PRINT AND BROADCAST REPORTERS TRY IT, LIKE IT
Throughout 2003 and particularly during the war in Iraq, many traditional newsrooms launched reporter Weblogs and other Web-only coverage. Despite a few skirmishes between blogging reporters and their managers over editing policy (see The Online Frontier, June/July, and Free Press, December/January), it was a good year for leading print and broadcast reporters to the Web. This year presents at least two ripe opportunities to showcase original, real-time Web reporting, with the summer Olympic Games and the presidential campaigns. If we can't squeeze some groundbreaking convergence out of those two stories, we're not even trying.
POP-UPS POP OUT
This year could be the beginning of the end for pop-up advertising. (Go ahead, do the happy dance.) Late in 2003, Yahoo! and Google rolled out free toolbars that include pop-up blockers. Last March, AOL launched a similar tool for its subscribers. The big whammy will be Microsoft's new version of Internet Explorer, scheduled for release this year, which will prompt users to enable a blocker the first time they encounter a pop-up.
As the backlash against pop-ups reaches critical mass, advertisers will be forced to look at new--hopefully less irritating--options. (But beware: Generally pop-up blockers don't distinguish between advertisements and editorial content that uses pop-up windows.)

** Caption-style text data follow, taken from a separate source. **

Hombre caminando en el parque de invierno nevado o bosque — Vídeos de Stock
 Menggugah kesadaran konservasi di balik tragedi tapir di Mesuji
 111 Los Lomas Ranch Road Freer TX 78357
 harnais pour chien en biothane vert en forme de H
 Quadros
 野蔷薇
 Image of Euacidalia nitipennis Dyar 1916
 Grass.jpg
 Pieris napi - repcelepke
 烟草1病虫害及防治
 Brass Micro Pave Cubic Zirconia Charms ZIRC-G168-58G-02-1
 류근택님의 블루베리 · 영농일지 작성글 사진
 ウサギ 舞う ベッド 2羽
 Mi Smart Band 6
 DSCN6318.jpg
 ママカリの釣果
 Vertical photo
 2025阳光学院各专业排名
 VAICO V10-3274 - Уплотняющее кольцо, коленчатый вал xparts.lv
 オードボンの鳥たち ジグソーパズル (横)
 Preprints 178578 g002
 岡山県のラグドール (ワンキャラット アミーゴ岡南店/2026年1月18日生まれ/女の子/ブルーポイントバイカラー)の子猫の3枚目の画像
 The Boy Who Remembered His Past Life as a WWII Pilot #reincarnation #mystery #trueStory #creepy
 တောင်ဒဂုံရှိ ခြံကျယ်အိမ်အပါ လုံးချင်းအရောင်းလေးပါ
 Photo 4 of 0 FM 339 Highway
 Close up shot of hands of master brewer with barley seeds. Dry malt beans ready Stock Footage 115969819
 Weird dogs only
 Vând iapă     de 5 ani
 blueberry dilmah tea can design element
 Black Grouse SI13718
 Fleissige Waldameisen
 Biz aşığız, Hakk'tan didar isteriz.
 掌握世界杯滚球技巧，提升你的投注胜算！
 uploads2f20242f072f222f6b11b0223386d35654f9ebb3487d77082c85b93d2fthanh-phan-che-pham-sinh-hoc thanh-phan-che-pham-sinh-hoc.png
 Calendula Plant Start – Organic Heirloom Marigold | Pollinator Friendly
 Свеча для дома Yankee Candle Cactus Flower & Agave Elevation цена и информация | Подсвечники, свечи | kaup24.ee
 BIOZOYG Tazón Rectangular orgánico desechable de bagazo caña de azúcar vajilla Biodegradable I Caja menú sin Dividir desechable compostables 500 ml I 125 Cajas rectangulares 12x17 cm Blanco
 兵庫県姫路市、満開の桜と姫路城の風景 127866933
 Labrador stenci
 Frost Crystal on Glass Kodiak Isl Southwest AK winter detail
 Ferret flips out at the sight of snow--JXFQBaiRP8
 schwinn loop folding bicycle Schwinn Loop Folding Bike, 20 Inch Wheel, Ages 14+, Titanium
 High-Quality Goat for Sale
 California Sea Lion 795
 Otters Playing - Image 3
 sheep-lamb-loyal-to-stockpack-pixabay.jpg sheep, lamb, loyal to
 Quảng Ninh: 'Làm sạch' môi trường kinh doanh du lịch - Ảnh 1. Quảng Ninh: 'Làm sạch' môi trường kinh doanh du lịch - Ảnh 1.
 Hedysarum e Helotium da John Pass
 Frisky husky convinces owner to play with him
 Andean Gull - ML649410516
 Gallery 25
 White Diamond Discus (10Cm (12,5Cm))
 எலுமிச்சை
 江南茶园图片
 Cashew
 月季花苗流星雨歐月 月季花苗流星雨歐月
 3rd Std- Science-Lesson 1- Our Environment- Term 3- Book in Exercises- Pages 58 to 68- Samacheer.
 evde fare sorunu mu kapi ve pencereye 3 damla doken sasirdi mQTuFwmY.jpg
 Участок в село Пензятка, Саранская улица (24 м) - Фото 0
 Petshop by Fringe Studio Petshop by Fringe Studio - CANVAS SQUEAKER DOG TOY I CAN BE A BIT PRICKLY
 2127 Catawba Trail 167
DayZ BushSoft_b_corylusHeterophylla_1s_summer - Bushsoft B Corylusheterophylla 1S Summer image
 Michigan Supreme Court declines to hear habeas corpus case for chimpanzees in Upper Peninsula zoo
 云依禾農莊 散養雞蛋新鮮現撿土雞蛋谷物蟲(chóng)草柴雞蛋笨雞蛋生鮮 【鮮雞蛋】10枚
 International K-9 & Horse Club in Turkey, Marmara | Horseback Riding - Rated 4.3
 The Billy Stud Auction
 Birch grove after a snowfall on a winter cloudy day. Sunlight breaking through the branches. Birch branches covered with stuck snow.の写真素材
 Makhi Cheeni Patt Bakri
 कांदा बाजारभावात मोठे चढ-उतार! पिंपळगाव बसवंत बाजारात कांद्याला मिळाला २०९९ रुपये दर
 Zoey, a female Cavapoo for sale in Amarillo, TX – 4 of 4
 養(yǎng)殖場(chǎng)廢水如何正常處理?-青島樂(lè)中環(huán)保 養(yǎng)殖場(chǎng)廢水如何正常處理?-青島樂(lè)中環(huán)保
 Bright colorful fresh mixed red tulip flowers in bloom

Now, if we could just do something about the spam....
NEWS AGGREGATORS GET BETTER
Google News, AOL News and Yahoo! News aren't successful just because they have built-in audiences--although that helps. They're good because they know the Internet; their core businesses are managing information and helping people get what they want from the Web. Emphasizing "personalization and relevancy," AOL's 2004 Election Guide will automatically generate a page of news and information for each visitor based on his or her zip code. There's a good chance the next innovations in distributing online news will come from news aggregators.
OLD MEDIA HOLDOUTS WAKE UP, SMELL COFFEE?
After all this time, there are still some news managers who embargo breaking news from the Web and refuse to promote their Web sites to protect their traditional media properties--or who simply don't believe the Web has enough value to put resources into it. They don't see that their audiences and advertisers are waiting for them to make online news valuable by making it good, and that by treating the Web like a second-class medium they fulfill their own prophecy. Will they ever pull their heads out of the sand? Consider it a wish to grow on.